■ Work to be completed
The string "Field" appears in some lines of the entries that follow; copy each such line.
Data to use section start
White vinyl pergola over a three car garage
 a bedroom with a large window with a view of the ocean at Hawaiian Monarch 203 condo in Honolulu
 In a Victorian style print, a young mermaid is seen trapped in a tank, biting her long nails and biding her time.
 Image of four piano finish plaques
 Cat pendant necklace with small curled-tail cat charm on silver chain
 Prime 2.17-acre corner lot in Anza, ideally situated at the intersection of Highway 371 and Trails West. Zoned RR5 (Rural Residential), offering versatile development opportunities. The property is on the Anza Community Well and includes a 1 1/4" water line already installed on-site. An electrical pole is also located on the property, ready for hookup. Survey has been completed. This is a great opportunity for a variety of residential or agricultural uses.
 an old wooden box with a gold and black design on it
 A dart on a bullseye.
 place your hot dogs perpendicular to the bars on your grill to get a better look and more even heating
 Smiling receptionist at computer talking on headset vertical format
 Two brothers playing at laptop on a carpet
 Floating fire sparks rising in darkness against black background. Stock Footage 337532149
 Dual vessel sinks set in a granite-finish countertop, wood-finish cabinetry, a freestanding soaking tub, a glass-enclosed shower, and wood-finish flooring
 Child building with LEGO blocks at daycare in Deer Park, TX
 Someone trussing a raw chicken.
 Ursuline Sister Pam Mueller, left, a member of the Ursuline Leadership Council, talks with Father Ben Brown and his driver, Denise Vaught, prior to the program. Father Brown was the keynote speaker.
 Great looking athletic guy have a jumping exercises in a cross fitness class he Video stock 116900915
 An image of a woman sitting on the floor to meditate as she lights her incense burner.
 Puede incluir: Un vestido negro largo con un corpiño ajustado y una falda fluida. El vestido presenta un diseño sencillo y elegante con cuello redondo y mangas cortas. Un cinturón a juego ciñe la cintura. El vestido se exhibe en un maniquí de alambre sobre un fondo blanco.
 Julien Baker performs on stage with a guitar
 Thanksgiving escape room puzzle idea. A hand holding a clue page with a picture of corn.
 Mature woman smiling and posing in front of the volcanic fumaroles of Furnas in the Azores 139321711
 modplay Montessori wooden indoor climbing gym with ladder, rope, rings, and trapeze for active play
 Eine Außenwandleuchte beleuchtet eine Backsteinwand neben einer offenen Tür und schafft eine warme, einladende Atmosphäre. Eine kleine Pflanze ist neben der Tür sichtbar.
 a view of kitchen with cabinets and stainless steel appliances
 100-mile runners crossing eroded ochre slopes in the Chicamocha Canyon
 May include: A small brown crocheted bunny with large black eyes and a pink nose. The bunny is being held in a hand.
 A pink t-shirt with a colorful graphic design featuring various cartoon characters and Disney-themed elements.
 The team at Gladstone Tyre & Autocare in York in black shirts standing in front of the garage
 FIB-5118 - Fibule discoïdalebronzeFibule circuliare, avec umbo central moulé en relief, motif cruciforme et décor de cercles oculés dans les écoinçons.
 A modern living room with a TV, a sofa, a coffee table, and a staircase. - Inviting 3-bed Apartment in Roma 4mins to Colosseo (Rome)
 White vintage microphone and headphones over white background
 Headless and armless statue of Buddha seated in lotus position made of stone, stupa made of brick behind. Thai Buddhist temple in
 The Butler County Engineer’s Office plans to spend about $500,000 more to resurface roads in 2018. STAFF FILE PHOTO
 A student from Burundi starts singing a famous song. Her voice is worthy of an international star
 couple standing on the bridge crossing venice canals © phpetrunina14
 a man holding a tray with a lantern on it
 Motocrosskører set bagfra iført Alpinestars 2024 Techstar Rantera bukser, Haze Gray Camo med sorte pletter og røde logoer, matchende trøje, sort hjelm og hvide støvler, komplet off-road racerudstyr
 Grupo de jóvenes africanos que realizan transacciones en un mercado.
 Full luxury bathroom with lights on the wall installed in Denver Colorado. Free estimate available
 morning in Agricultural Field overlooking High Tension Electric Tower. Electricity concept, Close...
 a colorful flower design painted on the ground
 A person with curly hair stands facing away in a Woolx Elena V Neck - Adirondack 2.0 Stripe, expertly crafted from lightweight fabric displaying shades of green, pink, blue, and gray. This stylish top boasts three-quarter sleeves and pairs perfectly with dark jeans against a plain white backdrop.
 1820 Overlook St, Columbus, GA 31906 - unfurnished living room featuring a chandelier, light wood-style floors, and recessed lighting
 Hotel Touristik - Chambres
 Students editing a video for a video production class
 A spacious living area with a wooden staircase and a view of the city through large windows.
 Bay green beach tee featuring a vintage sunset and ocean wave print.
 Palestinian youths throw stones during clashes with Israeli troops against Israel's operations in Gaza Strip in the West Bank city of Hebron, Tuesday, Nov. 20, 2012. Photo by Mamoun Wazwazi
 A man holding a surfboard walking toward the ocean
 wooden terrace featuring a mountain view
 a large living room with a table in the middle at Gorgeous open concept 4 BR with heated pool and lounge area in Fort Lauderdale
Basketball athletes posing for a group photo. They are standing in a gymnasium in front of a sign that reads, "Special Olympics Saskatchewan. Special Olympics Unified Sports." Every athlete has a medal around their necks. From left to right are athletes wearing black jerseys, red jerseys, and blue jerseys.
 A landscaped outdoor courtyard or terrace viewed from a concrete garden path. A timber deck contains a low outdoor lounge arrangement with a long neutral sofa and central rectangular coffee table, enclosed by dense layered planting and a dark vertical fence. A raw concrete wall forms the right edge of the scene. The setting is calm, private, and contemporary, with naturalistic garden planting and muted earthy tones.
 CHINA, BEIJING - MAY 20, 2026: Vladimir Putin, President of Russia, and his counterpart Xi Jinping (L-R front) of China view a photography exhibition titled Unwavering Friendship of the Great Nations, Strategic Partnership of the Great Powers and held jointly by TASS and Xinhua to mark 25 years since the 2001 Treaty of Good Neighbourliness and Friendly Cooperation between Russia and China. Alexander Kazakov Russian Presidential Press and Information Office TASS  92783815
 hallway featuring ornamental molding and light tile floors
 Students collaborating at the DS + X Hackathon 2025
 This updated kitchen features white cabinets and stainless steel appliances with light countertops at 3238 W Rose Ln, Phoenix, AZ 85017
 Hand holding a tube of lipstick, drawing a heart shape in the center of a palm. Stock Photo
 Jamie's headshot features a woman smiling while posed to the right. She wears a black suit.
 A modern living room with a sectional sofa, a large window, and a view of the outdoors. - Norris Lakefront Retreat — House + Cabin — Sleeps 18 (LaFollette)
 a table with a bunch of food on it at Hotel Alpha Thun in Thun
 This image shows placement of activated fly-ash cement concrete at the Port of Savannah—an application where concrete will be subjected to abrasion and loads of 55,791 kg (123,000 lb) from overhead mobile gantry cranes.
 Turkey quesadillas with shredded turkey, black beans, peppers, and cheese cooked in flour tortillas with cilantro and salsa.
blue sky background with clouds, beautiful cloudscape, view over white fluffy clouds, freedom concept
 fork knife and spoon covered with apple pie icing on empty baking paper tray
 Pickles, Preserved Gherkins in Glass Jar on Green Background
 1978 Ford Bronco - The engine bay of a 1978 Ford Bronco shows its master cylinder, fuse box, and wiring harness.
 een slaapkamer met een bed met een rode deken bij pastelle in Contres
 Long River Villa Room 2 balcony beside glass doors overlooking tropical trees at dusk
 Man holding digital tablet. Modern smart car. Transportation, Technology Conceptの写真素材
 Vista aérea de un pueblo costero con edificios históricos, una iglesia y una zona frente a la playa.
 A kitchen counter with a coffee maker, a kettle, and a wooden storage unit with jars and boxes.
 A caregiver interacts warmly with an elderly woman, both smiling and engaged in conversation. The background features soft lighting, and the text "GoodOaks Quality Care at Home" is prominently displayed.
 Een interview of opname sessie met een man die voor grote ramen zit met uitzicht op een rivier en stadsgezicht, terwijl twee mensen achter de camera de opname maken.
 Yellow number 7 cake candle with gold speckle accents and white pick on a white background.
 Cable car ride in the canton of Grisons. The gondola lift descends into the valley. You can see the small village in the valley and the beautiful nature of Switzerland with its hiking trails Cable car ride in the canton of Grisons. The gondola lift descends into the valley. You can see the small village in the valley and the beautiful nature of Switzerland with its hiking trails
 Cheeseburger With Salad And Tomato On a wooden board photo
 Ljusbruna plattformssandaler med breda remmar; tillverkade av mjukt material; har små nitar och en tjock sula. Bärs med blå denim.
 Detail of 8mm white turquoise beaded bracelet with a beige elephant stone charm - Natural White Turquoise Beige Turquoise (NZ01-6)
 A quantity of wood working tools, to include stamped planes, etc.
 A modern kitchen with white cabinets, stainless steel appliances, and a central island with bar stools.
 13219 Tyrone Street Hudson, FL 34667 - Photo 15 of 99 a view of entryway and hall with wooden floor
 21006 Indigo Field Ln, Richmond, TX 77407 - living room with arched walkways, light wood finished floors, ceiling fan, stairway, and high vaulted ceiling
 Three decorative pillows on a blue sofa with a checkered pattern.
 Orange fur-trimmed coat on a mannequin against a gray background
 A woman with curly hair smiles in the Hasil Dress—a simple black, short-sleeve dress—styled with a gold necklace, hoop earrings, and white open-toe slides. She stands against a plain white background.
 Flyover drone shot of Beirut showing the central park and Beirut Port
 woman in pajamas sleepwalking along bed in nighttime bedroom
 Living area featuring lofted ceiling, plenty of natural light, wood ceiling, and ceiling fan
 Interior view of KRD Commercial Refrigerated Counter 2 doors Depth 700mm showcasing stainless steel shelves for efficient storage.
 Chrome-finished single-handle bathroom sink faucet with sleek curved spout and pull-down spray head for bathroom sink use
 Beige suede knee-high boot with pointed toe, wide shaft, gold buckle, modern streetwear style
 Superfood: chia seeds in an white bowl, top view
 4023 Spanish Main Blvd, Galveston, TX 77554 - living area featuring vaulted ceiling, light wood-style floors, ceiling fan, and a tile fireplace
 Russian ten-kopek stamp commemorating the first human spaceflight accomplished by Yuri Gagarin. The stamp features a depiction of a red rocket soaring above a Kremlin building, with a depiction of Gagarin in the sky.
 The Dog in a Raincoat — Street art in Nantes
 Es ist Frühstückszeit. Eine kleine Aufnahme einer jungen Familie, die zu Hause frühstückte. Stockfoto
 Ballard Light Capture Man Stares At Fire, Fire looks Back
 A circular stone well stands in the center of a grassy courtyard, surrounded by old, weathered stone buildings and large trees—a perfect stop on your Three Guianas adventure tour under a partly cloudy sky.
Data to use section end
■ Output of the exercise
 morning in Agricultural Field overlooking High Tension Electric Tower. Electricity concept, Close...
 21006 Indigo Field Ln, Richmond, TX 77407 - living room with arched walkways, light wood finished floors, ceiling fan, stairway, and high vaulted ceiling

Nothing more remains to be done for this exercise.